[racket-dev] String search in mred/private/wxme: knuth-bendix?!

From: Robby Findler (robby at eecs.northwestern.edu)
Date: Thu Nov 29 20:27:37 EST 2012

On Thu, Nov 29, 2012 at 5:15 PM, Matthew Flatt <mflatt at cs.utah.edu> wrote:
>> Assuming that it is KMP, is there a reason why we're not using Boyer-Moore
>> here instead?  My understanding was BM was faster than KMP for common
>> situations.

IIUC, the BM speedup comes from skipping over portions of the text. In
our case, that could be handy when you skip entire snips, but if you
don't skip them, then I think it wouldn't really help at all. And I
think you skip things that are at most the length of the search
string, so it won't help that much in practice for DrRacket. ... I
think.

> KMP is just the algorithm I knew at the time.
>
> Since `find-string' can find "editor:info-mixin searching%" at the end
> of "collects/frameworks/private/text.rkt" in 15-20ms, I doubt that it
> has been a bottleneck for, say, searching in DrRacket.

I do agree that the searching algorithm doesn't seem to be a limiting
factor, but I don't think this analysis is quite right.
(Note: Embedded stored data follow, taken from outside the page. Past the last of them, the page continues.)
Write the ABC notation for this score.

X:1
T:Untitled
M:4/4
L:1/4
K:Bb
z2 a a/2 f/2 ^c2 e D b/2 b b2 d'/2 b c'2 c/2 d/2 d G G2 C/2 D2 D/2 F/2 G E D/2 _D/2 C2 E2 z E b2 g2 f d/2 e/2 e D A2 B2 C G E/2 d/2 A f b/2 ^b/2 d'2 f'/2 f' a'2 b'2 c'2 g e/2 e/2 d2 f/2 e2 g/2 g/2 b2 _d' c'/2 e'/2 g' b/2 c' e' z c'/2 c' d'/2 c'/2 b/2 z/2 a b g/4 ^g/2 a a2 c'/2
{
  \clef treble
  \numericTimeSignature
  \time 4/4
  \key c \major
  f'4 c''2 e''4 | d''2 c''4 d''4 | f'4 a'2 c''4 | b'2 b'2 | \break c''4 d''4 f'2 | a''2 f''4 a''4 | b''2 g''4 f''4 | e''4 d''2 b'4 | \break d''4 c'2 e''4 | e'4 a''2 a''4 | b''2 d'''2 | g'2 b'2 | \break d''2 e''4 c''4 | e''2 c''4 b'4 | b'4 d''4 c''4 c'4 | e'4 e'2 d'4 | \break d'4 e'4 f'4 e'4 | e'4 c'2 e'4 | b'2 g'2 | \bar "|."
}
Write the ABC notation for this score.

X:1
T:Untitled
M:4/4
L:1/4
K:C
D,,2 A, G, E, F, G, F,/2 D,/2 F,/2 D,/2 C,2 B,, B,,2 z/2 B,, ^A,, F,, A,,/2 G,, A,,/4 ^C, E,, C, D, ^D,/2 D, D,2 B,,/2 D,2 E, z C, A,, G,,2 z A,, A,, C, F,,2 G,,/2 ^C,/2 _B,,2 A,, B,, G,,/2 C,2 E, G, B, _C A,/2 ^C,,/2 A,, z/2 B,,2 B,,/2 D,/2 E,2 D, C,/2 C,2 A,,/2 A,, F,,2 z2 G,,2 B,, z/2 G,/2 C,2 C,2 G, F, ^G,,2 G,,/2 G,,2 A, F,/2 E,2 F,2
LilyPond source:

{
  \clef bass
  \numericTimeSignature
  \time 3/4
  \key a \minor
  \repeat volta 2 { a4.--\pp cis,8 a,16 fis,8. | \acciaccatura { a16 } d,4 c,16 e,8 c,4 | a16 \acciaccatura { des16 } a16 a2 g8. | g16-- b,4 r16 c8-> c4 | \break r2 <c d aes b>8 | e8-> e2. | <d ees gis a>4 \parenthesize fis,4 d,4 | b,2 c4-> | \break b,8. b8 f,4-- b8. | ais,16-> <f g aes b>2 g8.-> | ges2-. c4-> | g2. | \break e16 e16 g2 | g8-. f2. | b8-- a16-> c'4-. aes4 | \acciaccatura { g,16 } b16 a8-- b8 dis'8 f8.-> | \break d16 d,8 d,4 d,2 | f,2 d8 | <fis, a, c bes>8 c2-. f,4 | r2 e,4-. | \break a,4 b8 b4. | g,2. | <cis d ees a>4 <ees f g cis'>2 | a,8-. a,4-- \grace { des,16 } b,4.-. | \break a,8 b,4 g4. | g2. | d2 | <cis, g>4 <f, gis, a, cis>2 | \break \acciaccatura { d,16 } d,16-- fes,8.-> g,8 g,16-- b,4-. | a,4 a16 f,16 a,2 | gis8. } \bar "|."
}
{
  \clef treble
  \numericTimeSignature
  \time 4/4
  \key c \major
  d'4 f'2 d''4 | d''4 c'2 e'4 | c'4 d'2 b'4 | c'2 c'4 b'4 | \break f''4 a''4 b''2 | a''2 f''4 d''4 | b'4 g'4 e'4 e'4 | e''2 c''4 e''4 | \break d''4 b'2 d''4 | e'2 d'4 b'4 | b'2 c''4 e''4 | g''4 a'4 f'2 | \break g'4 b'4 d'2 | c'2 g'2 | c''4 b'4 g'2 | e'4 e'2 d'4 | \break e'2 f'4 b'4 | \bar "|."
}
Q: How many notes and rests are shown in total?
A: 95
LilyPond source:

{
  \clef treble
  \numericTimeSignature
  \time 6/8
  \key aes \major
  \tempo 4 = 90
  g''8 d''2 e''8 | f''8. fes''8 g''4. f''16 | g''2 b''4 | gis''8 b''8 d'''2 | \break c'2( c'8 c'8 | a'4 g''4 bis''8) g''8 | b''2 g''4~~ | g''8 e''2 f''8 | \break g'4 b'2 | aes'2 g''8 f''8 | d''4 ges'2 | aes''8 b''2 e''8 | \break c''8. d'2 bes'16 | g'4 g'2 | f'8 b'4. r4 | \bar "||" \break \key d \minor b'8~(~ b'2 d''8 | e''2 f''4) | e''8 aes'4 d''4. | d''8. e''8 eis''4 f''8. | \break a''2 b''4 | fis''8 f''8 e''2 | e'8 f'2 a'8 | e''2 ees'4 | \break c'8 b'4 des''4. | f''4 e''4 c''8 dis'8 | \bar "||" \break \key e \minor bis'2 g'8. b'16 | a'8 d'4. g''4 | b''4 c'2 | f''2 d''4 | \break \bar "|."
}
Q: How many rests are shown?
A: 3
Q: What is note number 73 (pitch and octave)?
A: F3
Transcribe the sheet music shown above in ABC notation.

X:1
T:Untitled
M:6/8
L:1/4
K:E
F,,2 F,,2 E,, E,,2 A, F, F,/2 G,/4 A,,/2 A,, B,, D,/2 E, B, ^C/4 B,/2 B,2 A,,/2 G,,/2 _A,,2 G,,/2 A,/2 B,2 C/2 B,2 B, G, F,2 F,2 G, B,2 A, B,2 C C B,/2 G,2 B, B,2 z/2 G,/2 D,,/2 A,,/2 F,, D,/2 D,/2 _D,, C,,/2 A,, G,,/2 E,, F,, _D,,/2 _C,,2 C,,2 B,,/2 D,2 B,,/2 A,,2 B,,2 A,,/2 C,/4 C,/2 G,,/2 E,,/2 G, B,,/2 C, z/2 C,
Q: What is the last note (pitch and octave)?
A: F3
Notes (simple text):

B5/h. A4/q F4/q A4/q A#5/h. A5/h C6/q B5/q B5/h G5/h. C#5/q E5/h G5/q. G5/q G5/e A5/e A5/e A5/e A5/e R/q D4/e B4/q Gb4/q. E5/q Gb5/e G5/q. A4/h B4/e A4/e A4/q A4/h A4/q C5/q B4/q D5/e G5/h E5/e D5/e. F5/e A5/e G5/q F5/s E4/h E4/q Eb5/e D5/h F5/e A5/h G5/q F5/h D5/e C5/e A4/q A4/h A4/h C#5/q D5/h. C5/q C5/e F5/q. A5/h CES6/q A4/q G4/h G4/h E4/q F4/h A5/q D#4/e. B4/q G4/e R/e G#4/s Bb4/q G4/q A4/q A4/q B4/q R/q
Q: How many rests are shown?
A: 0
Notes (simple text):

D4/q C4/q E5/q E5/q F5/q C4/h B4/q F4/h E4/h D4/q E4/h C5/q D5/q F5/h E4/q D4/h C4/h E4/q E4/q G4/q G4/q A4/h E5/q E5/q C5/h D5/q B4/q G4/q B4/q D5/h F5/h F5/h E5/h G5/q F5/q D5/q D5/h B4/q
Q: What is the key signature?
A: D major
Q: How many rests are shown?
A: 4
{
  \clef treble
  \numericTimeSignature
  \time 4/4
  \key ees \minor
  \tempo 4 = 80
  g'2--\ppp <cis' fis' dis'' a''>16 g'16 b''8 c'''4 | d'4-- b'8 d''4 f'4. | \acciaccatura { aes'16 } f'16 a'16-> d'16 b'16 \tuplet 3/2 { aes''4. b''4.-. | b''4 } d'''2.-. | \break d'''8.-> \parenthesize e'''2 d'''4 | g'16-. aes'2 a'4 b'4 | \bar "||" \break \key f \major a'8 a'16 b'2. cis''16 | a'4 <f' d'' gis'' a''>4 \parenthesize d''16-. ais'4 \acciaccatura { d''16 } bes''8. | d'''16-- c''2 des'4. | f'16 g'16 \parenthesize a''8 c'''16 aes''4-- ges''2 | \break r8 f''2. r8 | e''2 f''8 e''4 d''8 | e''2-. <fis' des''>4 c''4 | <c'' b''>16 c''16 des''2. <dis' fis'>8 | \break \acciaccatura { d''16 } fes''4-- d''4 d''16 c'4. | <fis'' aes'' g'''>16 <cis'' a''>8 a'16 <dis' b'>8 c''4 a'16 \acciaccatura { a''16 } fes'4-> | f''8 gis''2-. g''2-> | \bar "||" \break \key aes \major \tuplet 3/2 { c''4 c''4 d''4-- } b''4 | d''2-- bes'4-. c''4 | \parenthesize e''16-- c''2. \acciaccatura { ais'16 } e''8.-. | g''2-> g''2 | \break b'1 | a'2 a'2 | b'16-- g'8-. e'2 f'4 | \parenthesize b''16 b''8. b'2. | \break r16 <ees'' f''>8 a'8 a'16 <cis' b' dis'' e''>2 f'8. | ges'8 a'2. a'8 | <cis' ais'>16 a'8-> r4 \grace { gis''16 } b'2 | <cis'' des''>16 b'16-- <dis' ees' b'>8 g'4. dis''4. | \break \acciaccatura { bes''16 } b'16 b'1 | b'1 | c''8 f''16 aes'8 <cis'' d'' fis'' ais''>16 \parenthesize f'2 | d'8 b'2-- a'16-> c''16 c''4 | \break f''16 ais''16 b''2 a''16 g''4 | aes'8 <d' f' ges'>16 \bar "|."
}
Two points: I
assume you did this test with a text% object. In DrRacket, of course,
it colors the buffer, which means 3.5 times as many snips, which seems
to take about twice as long (I believe that if every snip is one
character things can get really bad but that's not common). Still not
too bad, but the other is that when someone types something in
DrRacket, it searches interactively and it finds all of the results,
not just the first hit. I can get this to take in 100s of milliseconds
on big files if I type things like a space, which starts to matter.

Of course, since I've been in that kind of mood, DrRacket can now
break these callbacks up, it shouldn't be a problem in practice.
(There is still some hidden sluggishness in DrRacket surrounding
searching tho. I think. I haven't been able to put my finger on it
yet.)

Robby

Posted on the dev mailing list.